■ Directions
What is wanted is an exact copy of the lines from the top of the listing through the line containing "Google Trends X Factor".
○ ○ ○
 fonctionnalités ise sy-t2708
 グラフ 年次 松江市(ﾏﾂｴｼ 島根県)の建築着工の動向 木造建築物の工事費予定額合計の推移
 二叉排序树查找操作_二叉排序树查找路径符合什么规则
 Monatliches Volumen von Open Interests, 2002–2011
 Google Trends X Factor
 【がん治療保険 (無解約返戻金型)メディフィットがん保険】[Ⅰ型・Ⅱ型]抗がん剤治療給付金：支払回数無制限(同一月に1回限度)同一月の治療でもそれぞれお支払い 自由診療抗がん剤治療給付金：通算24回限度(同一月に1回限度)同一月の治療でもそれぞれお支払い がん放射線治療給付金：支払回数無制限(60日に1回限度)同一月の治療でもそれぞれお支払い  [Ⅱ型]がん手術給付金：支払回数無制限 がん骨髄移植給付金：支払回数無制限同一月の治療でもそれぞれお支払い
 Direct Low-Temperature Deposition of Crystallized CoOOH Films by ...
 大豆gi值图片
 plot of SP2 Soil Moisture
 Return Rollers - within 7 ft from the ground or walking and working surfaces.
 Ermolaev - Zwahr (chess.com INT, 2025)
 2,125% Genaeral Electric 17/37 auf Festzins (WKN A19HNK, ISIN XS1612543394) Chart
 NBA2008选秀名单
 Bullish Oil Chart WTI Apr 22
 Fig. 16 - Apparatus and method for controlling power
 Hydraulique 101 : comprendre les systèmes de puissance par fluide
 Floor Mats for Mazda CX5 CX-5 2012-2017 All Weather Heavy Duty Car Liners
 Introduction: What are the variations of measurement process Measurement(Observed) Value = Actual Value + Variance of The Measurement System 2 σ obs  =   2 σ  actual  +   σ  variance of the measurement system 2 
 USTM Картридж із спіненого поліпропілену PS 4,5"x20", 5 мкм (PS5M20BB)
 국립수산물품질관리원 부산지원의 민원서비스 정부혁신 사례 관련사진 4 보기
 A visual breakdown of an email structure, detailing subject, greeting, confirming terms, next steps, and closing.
○ ○ ○
■ Exercise response
 fonctionnalités ise sy-t2708
 グラフ 年次 松江市(ﾏﾂｴｼ 島根県)の建築着工の動向 木造建築物の工事費予定額合計の推移
 二叉排序树查找操作_二叉排序树查找路径符合什么规则
 Monatliches Volumen von Open Interests, 2002–2011
 Google Trends X Factor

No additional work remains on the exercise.